Piva, da noi contattato, ha dichiarato la piena disponibilità a collaborare con la magistratura di Napoli, ribadendo la posizione già presa all’indomani degli arresti dei suoi collaboratori: ovvero che la banca è «parte lesa» del castello di falsità che sarebbe stato messo in piedi da Gavioli. Su ordine del giudice per le indagini preliminari infatti il 20 giugno sono finiti in carcere Gavioli e anche i collaboratori di Piva, ovvero Alessandro Arzenton, Manuela Furlan e Mario Zavagno. Arzenton, padovano di 50 anni, era il direttore della Bcc Veneziana, estromesso successivamente dal suo incarico. Manuela Furlan, veneziana di 50 anni, era direttrice della filiale di Malcontenta (Venezia) e Mario Zavagno, 63 anni, era responsabile del settore crediti della sede centrale. I pubblici ministeri Danilo de Simone, Ida Teresi, Maria Sepe e Luigi Santulli, riscontrarono gravi indizi di colpevolezza in merito ai reati di concorso in ricorso abusivo al credito e truffa. In particolare i magistrati rilevano che i tre (e il resto della «cricca» di Gavioli, ovvero Maria Chiara Gavioli, Paolo Bellamio, Giancarlo Tonetto, Enrico Prandin, Giorgio Zabeo Giovanni Faggiano, Stefania Vio, Loris Zerbin) avrebbero «dissimulato il dissesto e lo stato di insolvenza di Enerambiente spa con l’accordo dei funzionari e dipendenti della Bcc del Veneziano (…) i quali con condotte attive e omissive concorrevano a ottenere elargizione di flussi finanziari a fronte di una rappresentanza cartolare fittizia e a nascondere la reale situazione economico-finanziaria».

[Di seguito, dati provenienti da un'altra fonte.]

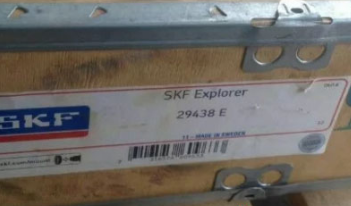 SKF 29438E thrust roller bearings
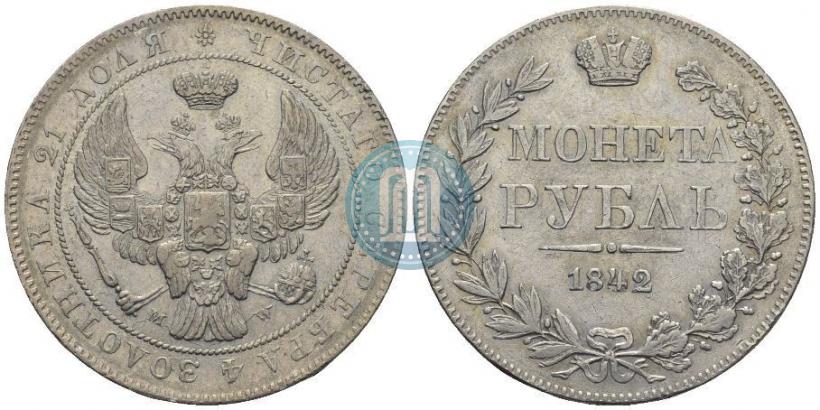 Picture 1 rouble 1842 year MW 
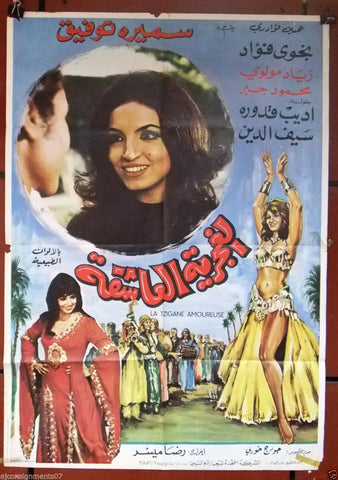 Gypsy lover ملصق افيش لبناني الغجرية العاشقة (Samira Toufik) Arabic Lebanese Film Poster 80s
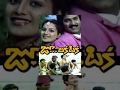 Zoo Laka Taka Full Length Comedy Movie Rajendra Prasad Tulasi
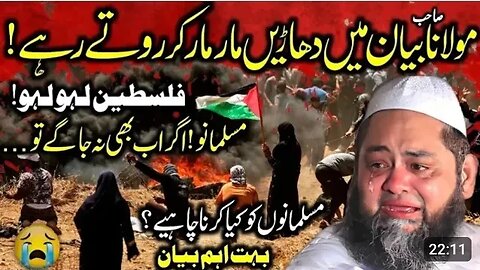 philistin special bayan Maulana Abdul Hannan Siddiqui2023! emotional bayan 2023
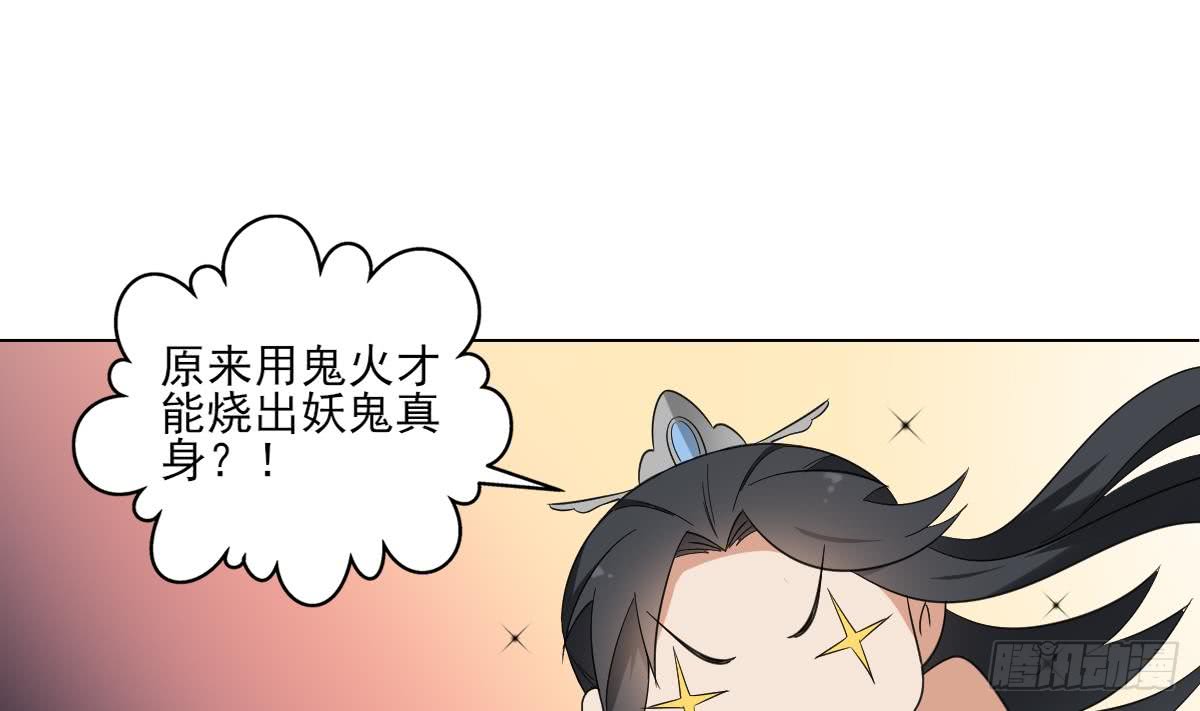 第121话 你帮了本王大忙1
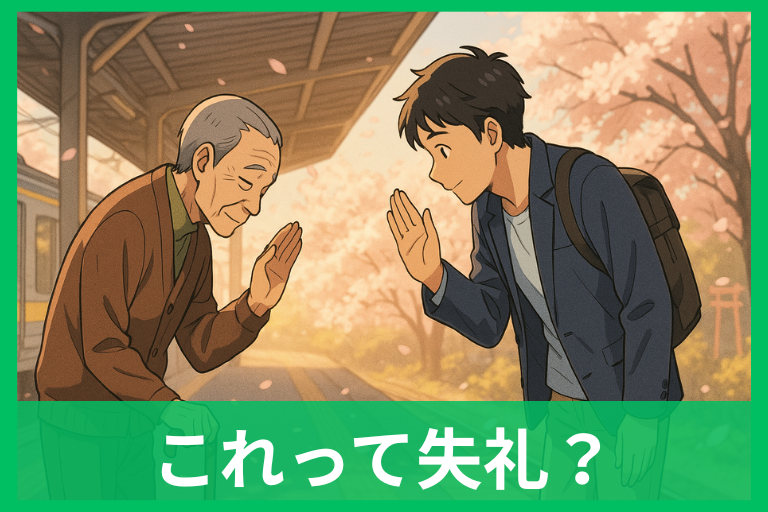 「お達者で」は失礼？意味・使い方・言い換え・返し方を徹底解説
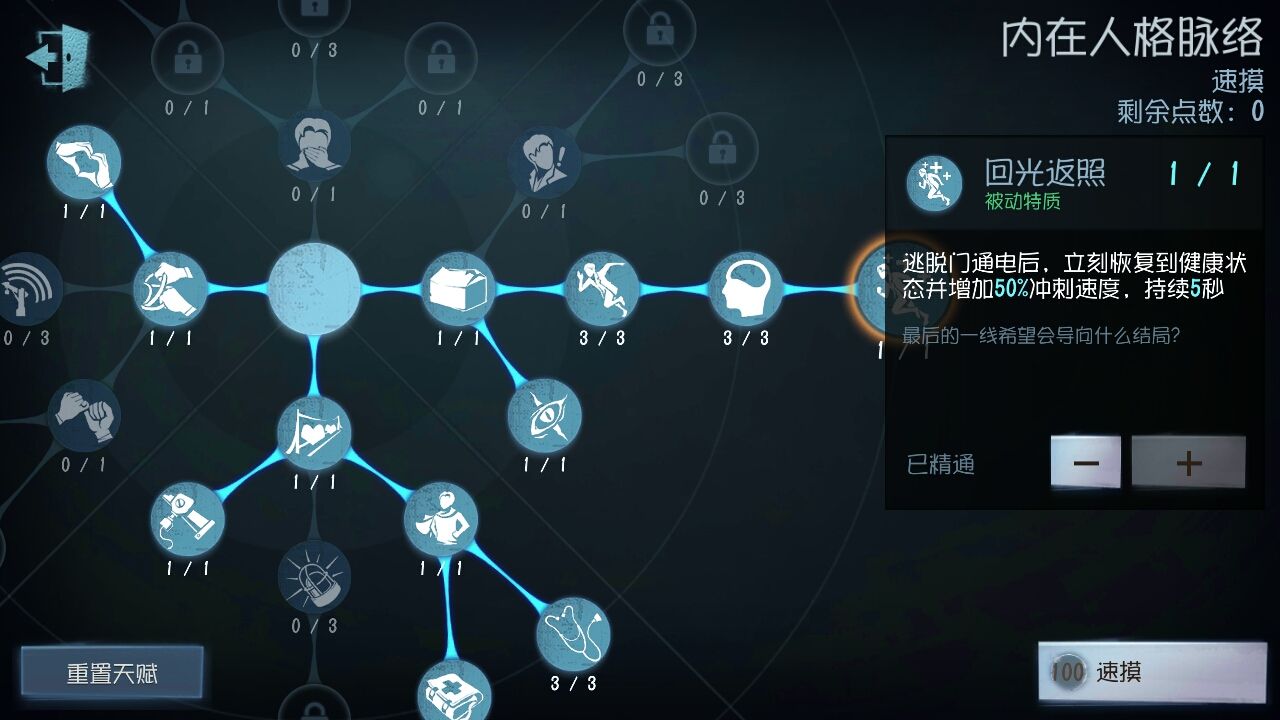 第五人格常识技巧怎么用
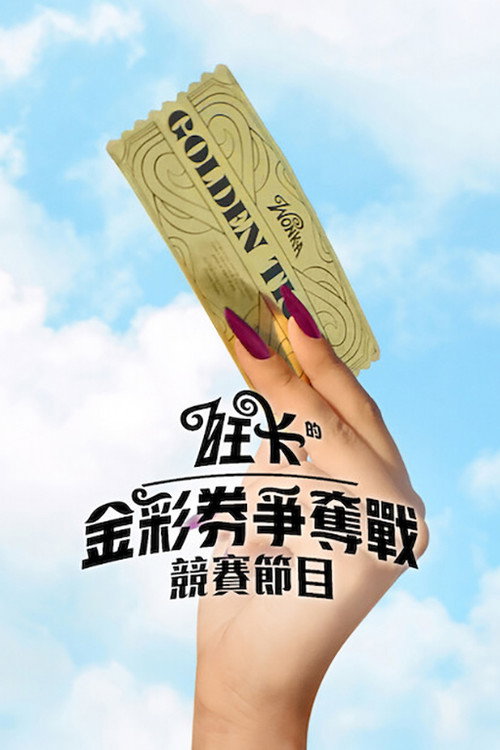 旺卡的金彩券争夺战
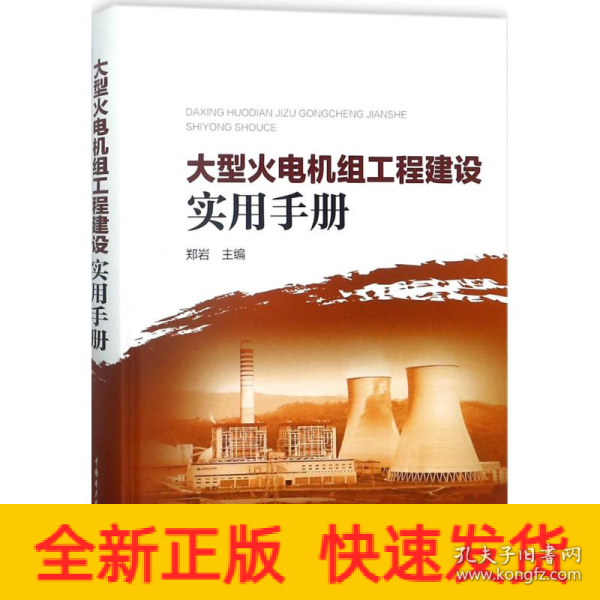 大型火电机组工程建设实用手册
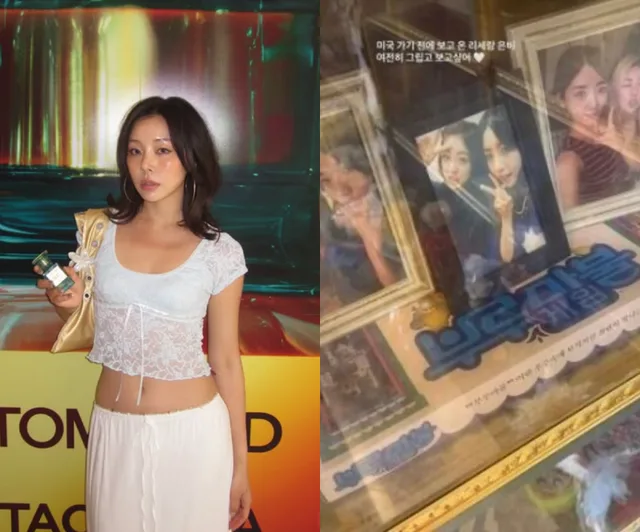 Ashley วง Ladies' Code รำลึกถึง EunB และ RiSe ในวันครบรอบ 12 ปี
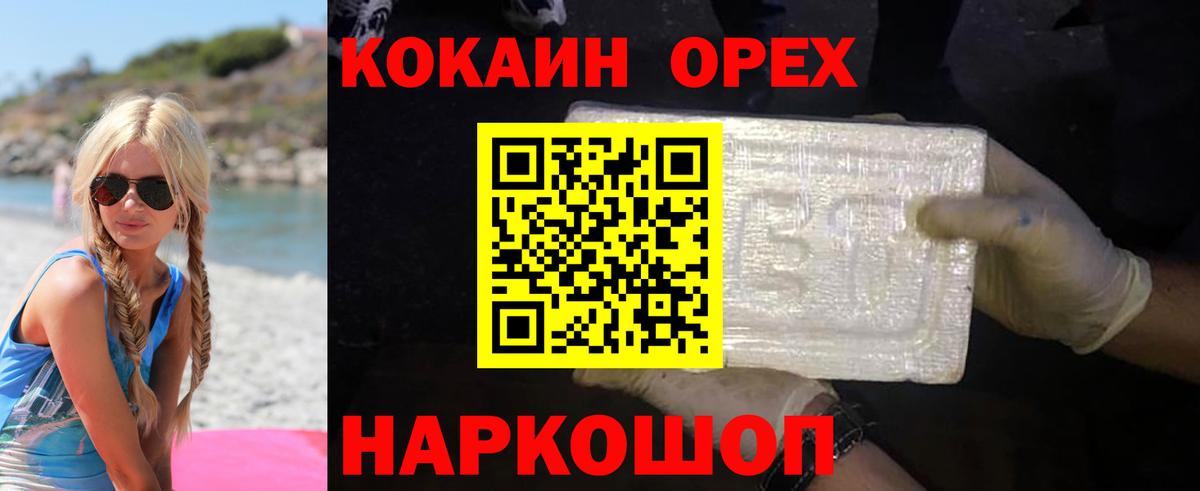 COCAIN Fish Scale  Вход с VPN  Калуга  COCAIN Перу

Nel mirino, come appare nelle prime pagine dell’ordinanza che ha disposto il carcere, ci sono 15 milioni di euro concessi non solo non chiedendo garanzie ma sapendo che la società stava andando in decozione. In particolare, si legge nell’ordinanza «l’accusa evidenzia che tale condotta veniva realizzata grazie ad una intesa con alcuni funzionari della banca di credito cooperativo – banca del Veneziano – i quali erano a conoscenza sia dello stato reale delle società sia della falsità dei dato forniti dalla stessa e tuttavia continuavano a deliberare ulteriori concessioni di credito mentre allo stesso tempo bloccavano la trasmissione di segnalazioni di operazioni sospette sui conti correnti nei rapporti bancari della società agli uffici della Banca d’Italia, omettevano il controllo sulla solvibilità del debitore e sulla veridicità di fatture e contratti prodotti anche quando esistevano segnali di allarme chiari che venivano ignorati ». In tutto questo appaiono sospette, e quindi trasmesse all’autorità giudiziaria a garanzia dell’indagato Amedeo Piva, alcune telefonate fatte con Gavioli e con il suo attuale avvocato, in cui sembra essere a conoscenza delle omissioni dei suoi collaboratori.